:: WORK TASK ::
Produce as output only the lines below starting at the line with "a living room" and continuing through the line with "A yellow gold", each one exactly as written.

═══ SOURCE RECORDS ═══

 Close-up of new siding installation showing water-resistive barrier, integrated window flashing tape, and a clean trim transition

═══
═══ SOURCE RECORDS ═══

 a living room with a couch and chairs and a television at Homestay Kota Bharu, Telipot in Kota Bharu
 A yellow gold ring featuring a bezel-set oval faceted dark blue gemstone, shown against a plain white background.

═══

:: EXPECTED ANSWER ::
 a living room with a couch and chairs and a television at Homestay Kota Bharu, Telipot in Kota Bharu
 A yellow gold ring featuring a bezel-set oval faceted dark blue gemstone, shown against a plain white background.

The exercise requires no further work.